2.Shulchan Aruch (ibid): Just like Beis Din is commanded not to tilt Din, they are commanded not to tilt Pesharah to favor one side over the other. A Beis Din that always does Pesharah is praiseworthy.
i.Beis Yosef (DH uch'Shem): Rashi (32b DH Aval) explains "Tzedek Tzedek Tirdof" to teach that both Din and Pesharah must be like you see is proper, without pursuing one side more than the other.
3.Shulchan Aruch (ibid): Before the verdict, even if you heard their words and know which way the verdict leans, it is a Mitzvah to compromise. After the case finished, and he said 'Ploni, you are liable. Almoni, you are Zakai', you may not compromise between them.
i.Beis Yosef (DH u'Mah): Tosfos says that once the judges studied the case enough and they only need to say 'Ploni, you are liable', they may not trick Almoni into Pesharah. If he would know that it has been clarified that he is Zakai, he would never agree to Pesharah.' Rashi explains that they already said 'Ploni, you are liable...' The words of the Gemara support this, but it is difficult. What Pesharah can follow after the Din was given?! A weak answer is that they could trick him and say 'we fear lest we erred.' The Rambam and Tur hold like Rashi. This is primary.
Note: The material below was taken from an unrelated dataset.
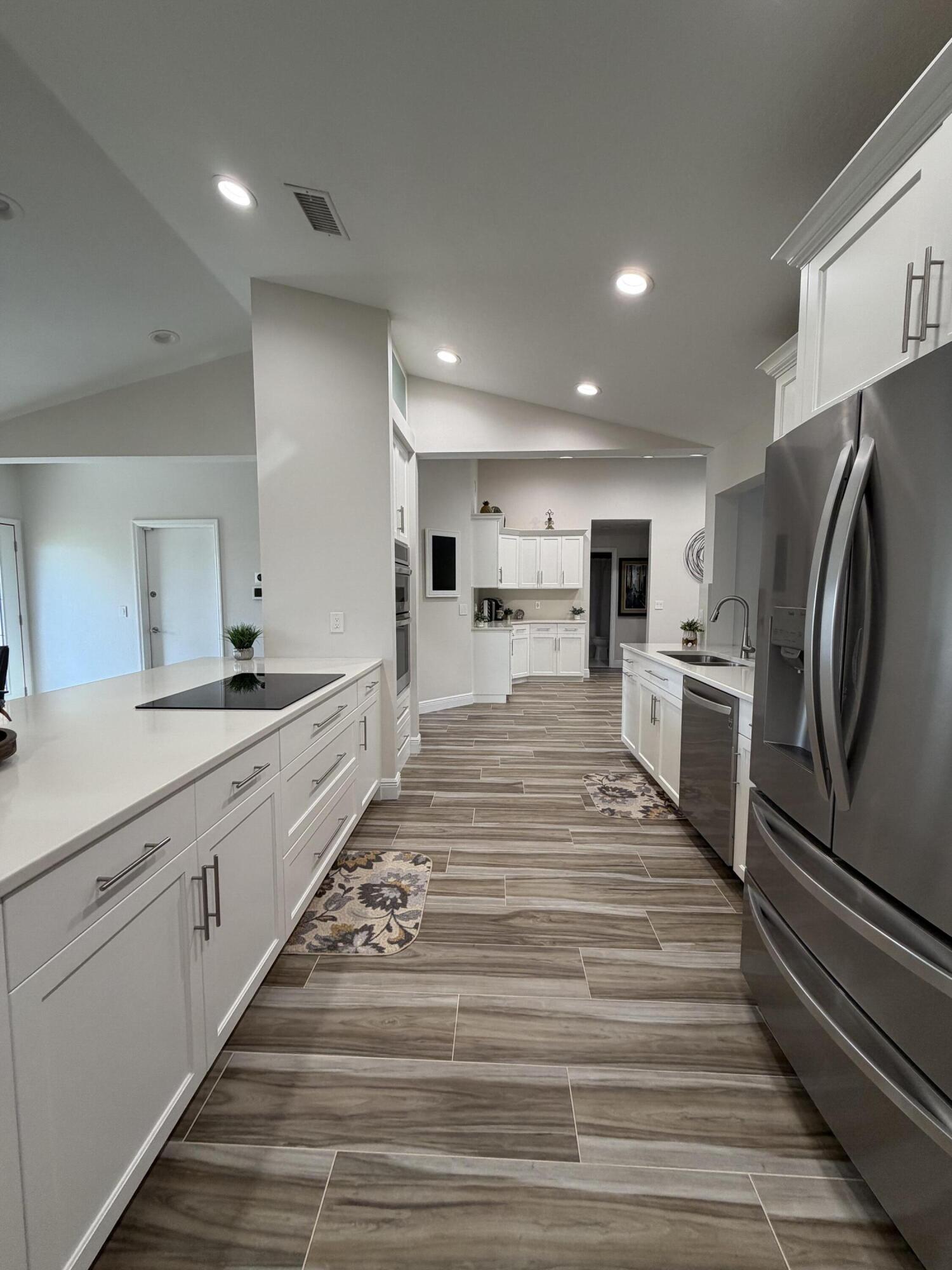 233 SW Chelsea Terrace, Port St. Lucie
ii.SMA (9): Even if you see that the Din favors Ploni, it is proper to suggest Pesharah. It is better for him to give a little to his opponent in order that there will be Shalom between them.
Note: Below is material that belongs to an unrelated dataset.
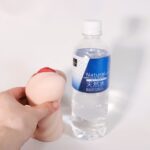AV mini 迷你名器 美園和花的尺寸感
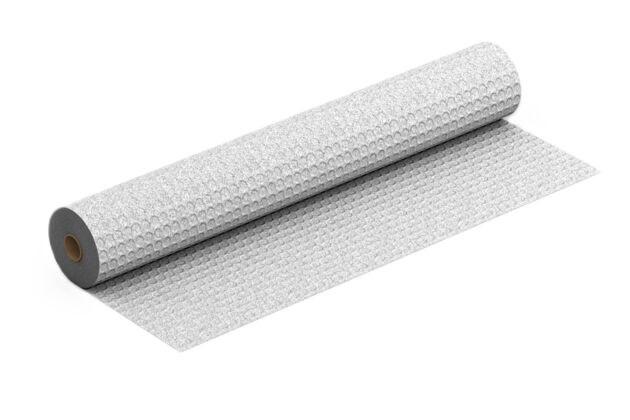 Entkopplungsmatte Drain 3G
iii.Shach (4): The Bach says that one should be stringent like Tosfos (not to suggest Pesharah once you whom the Din favors). This is wrong, for Pesharah is the Mitzvah. Most Poskim say so.
4.Shulchan Aruch (ibid): Someone else who is not a judge may Pesharah between them, but not in a place where Beis Din is fixed to judge.
i.Beis Yosef (DH Motzasi): The Agudah permits one who is not a judge to compromise between them afterwards. The Rashba says in the name of Rav Hai Gaon that if the party obligated to pay went to (Nochri) authorities to avoid paying, others make a Pesharah not in a place where Beis Din is fixed to judge.
ii.SMA (11): What is done in front of Beis Din is as if it was done with the judge's will and consent.
5.Shulchan Aruch (ibid): If Beis Din obligated one of them to swear, Beis Din may Pesharah between them to avoid the punishment for an oath.